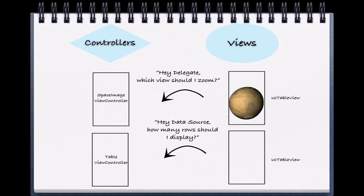We've seen this similar behavior before when we were using our UITableView. Our UITableView asked the question of how many rows should I display and what should I display in each row. These questions were delegated to our view controller.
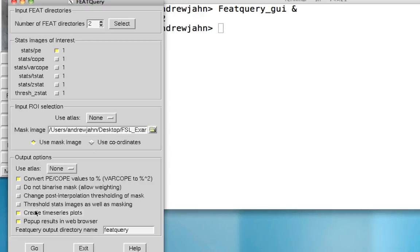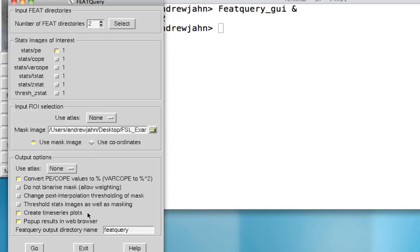It's also going to create a time series plot and a pop-up result in the web browser. This time series plot represents the number of time points within this region of interest. In this case, there were two runs, so it's going to generate two parameter estimates.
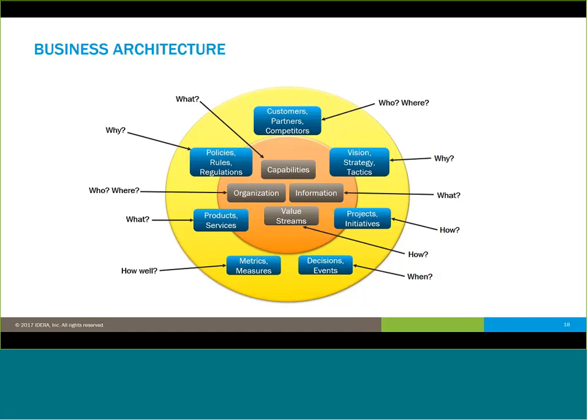Putting a little more structure around this: the customers and trading partners are the who and the where. We're tying in the why with our vision, strategy, and tactics. The projects and initiatives really help drive us out the how. As you work around the circle, you can see that we're defining who we are, what we're doing, why we're doing it, and our measurements of effectiveness throughout the process and business architecture.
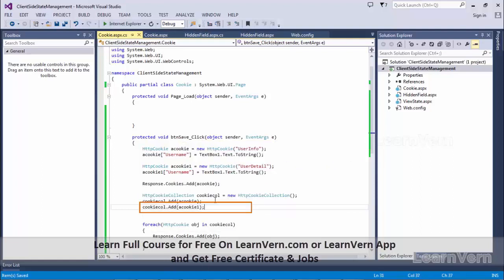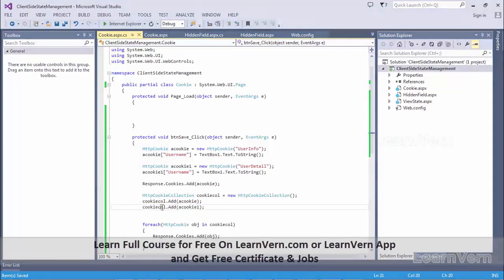This is how multiple objects of type HttpCookie can be added. Let's run this.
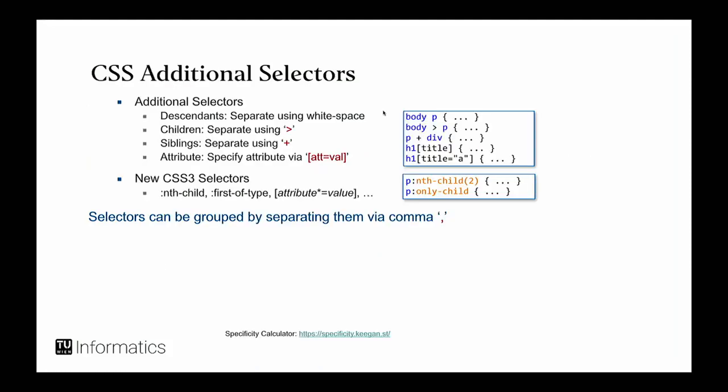And then there are additional selectors that are sort of interesting. You can have descendants. So if I say body P, which is kind of redundant, it says all the P's that are in the body. If you say body greater than P, then it only applies to paragraphs that are direct descendants of the body. So if you have a body div P, it wouldn't apply anymore. Then you have siblings, which rarely used, I think, but sometimes maybe. And you can specify based on attributes. You can say, give me all the headings of the first order with the title, that's the first one, or with the title that is equals to something. So you can be very specific in your selectors.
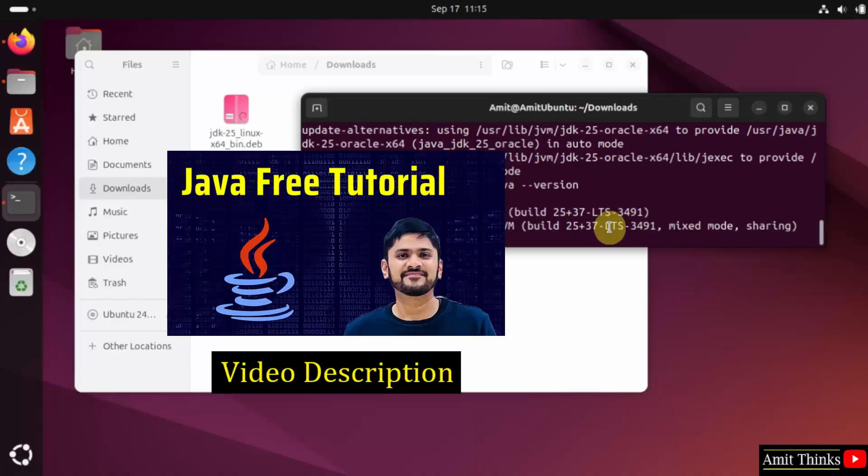Now for a free Java tutorial, refer to the link in the description of the video. Thank you for watching.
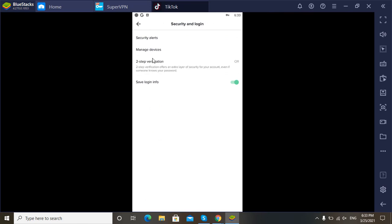And you can see the very first option of manage devices. Go for this.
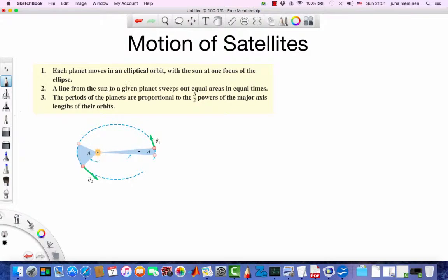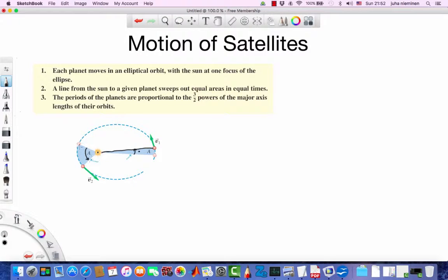Second, a line from the Sun to a given planet sweeps out equal areas in equal times. So in the same time — let's say some delta T — this line sweeps the area shown in blue when it's at one end of the ellipse. The same area is swept in the same amount of time at any point in the ellipse. And because the planet is closer to the Sun at one end, to cover the same area it must move faster. This in fact follows from the conservation of momentum, which wasn't really known at that time yet in the early 1600s.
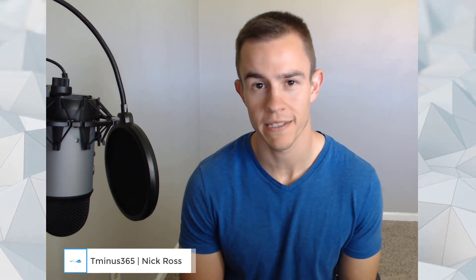Hey guys, it's Nick. Welcome to another episode of T-minus 365, where I demystify Microsoft solutions for the MSP space.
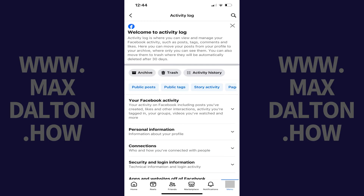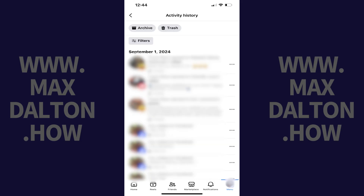Step 5. Tap Activity History. The Activity History screen opens where you'll see a list of all of your Facebook activity history.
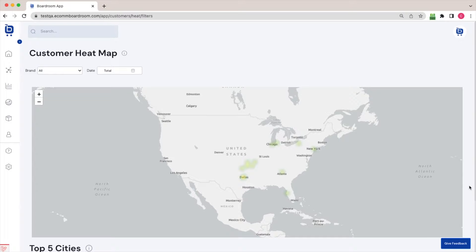Hopefully you can see how Boardroom can be used to really make the most of your customer data. Your customer list is really an asset and many e-commerce brands make the mistake of ignoring that asset. So log into Boardroom and check out your customer data today. Thanks for watching this tutorial video.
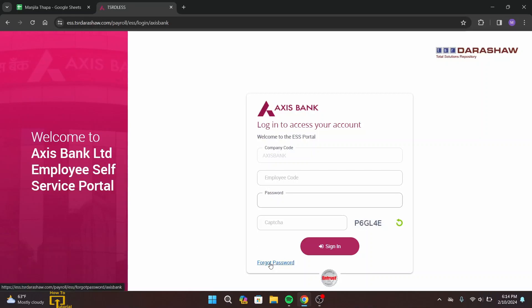In case you forgot your password, you can simply recover it by clicking on the link that says 'Forgot Password'. On the next page, follow the procedure and that will help you recover your password. Once you are done typing your password, you also have to enter the verification digits shown on the page.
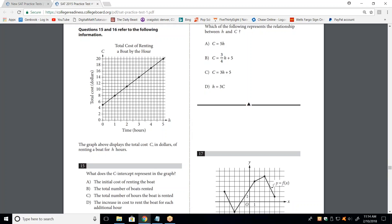I believe with the ACT, if you pay an extra $20, they will send you a result showing which questions you missed, which allows you to focus on your weaknesses — that's the whole key. As we go through the test, what I'm trying to find out is your weaknesses, and when I find them, I take 10 minutes to review that particular subject.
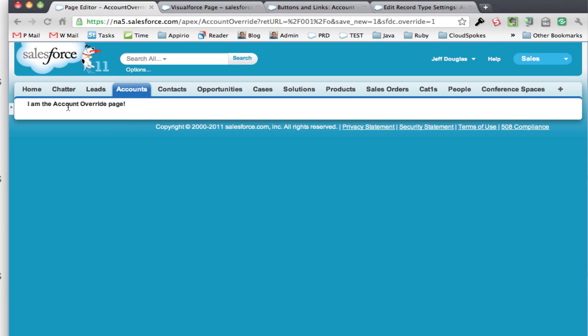So that's how easy it is to have your own pages available when you actually select new or edit system-wide throughout the platform.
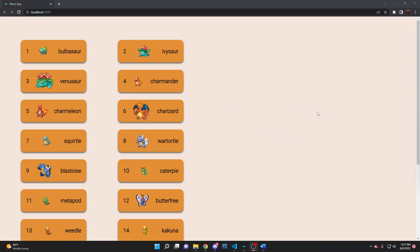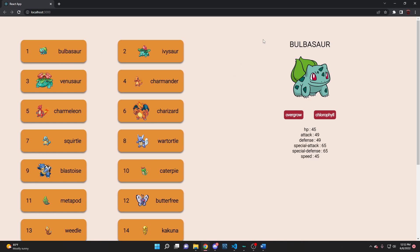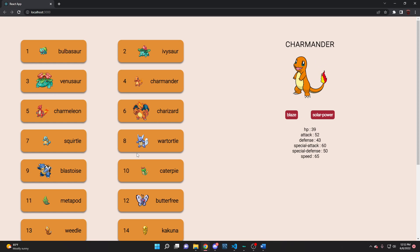Here's another project of mine using React as the framework to implement several components on a single page, with some CSS like these cards. I used Axios to make API requests, and when you click any one of these cards, some useful information pops up on the right — like its HP, attack, defense, and abilities. You can do this with any of them.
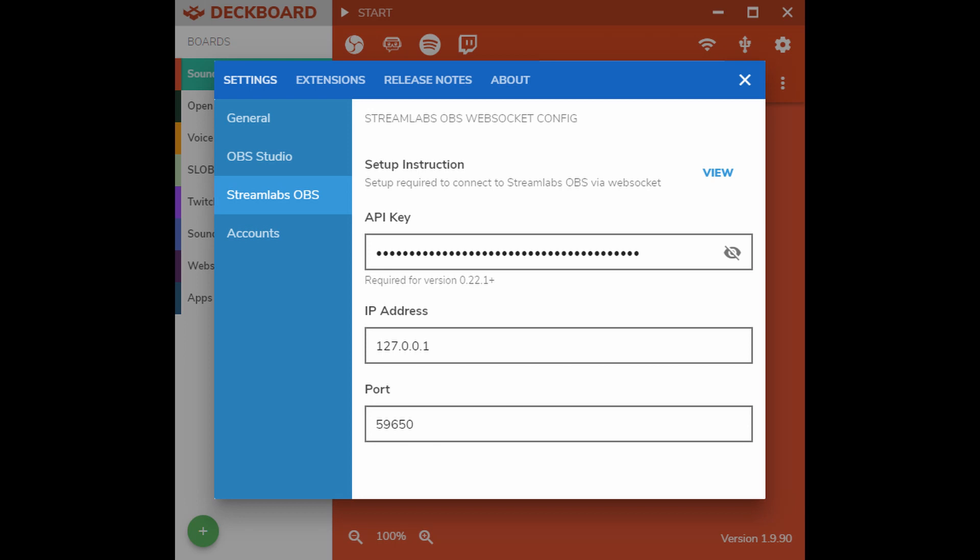Once you have the web socket enabled in Streamlabs OBS, you can then open up your DeckBoard, click on the little cog, and then under the settings tab go to Streamlabs OBS and paste in the API code you copied from Streamlabs.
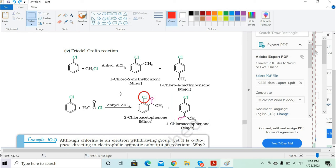In the Friedel-Crafts reaction, in the presence of anhydrous aluminium chloride, you react either with acetyl chloride or with an alkyl halide. You will always get two products, and the major product will always be the para-position product.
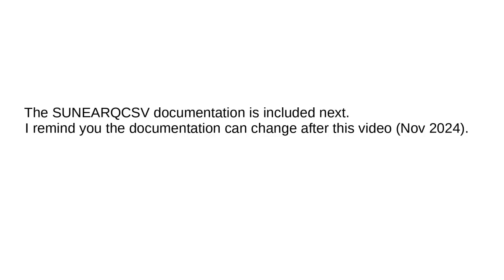The SUNEARQCSV documentation is included next. I remind you the documentation can change after this video.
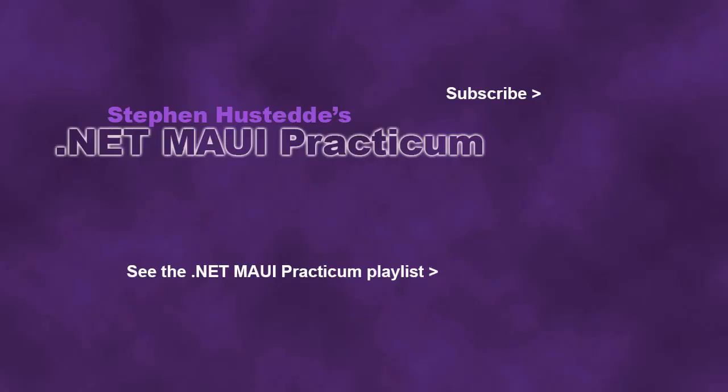If you just jumped into this video, you can see all the videos from the .NET MAUI Practicum playlist by clicking on the image in the lower right. And if you'd like to be alerted to future videos I create, you can click my picture in the top right to subscribe to the channel.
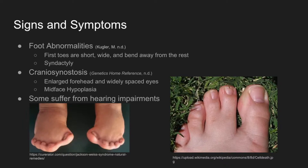Mid-face hypoplasia is also a possibility, and is the flattening of the forehead as opposed to its normal curvature. Finally, some people are also affected by hearing impairments, which are caused by the deformations in their skull.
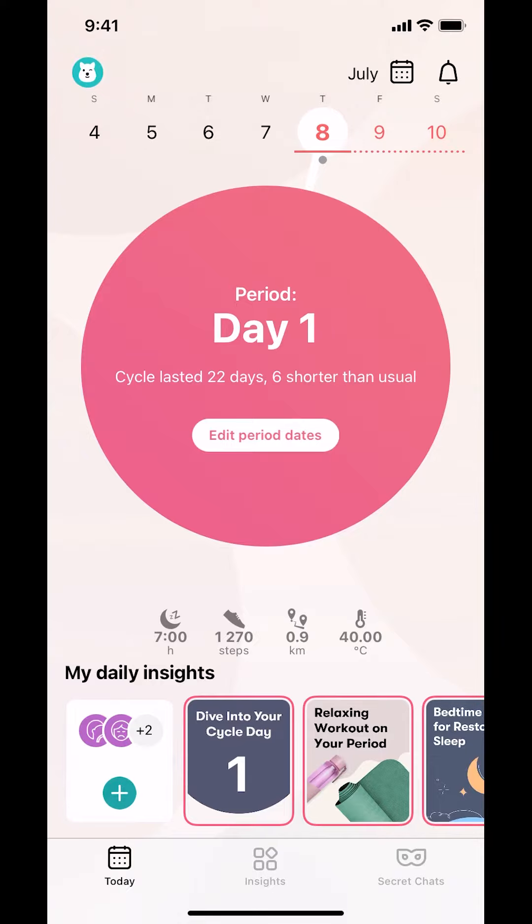Hello and welcome to Candle Tech. In this video, I'll show you how to log physical activity on the Flo app.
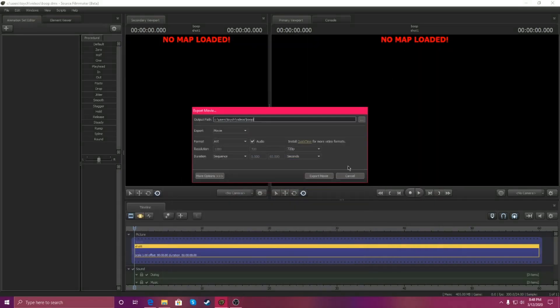Hey guys, it's Chica39 and this is how to get QuickTime Player to work with Source Filmmaker.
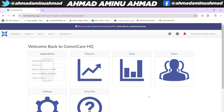Assalamu alaikum warahmatullahi wabarakatuh. This is video number eight of the CommCare complete series. I will explain CommCare from the beginner level up to where you can work with it. In this video we are going to learn how to build a survey form on CommCare. We have two types of forms on CommCare: survey and case list. Today we are going to talk about the survey form first.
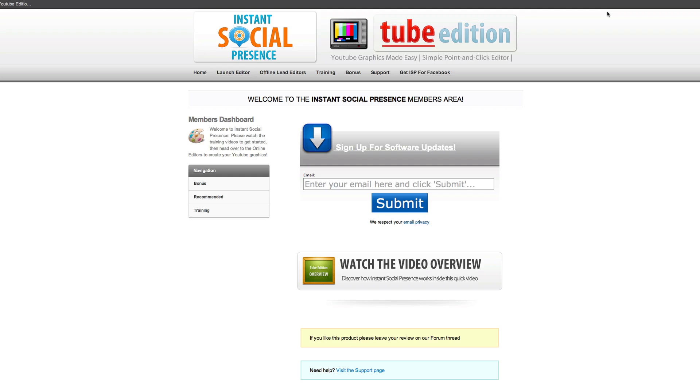Hey everybody, this is Ray the Video Guy, and today I want to show you a piece of software that's really got me excited, and it's called Instant Social Presence Tube Edition.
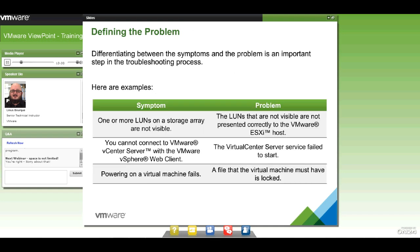Defining a problem is important — quite often we confuse symptom with problem. For example, if a couple of LUNs are not visible, that's not a problem — that's a symptom. The actual problem is that the LUNs were not presented correctly. We automatically assume the problem is that the LUNs aren't there, but that's the side effect. The question is: what's causing the LUNs not to appear? Similarly, if you can't connect to vCenter with either the web client or the thick client, the symptom is that you can't connect. The problem is that vCenter is not up and running, or maybe the database is down.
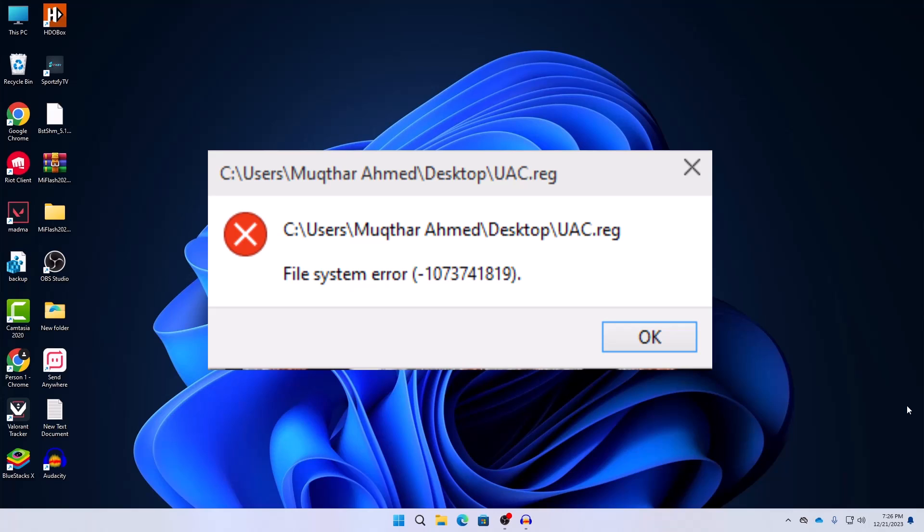What's up guys, hope you are doing well. I'm Mash from TechMash and today I'm going to show you how you can fix the file system error 1073741819 problem in your Windows PC or laptop.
————
Exercise objective: Copy only the part of the records that runs from the first line to the line with "It's also going", ends included, leaving pictures out.

Answer section:
We've seen this similar behavior before when we were using our UITableView. Our UITableView asked the question of how many rows should I display and what should I display in each row. These questions were delegated to our view controller.
It's also going to create a time series plot and a pop-up result in the web browser. This time series plot represents the number of time points within this region of interest. In this case, there were two runs, so it's going to generate two parameter estimates.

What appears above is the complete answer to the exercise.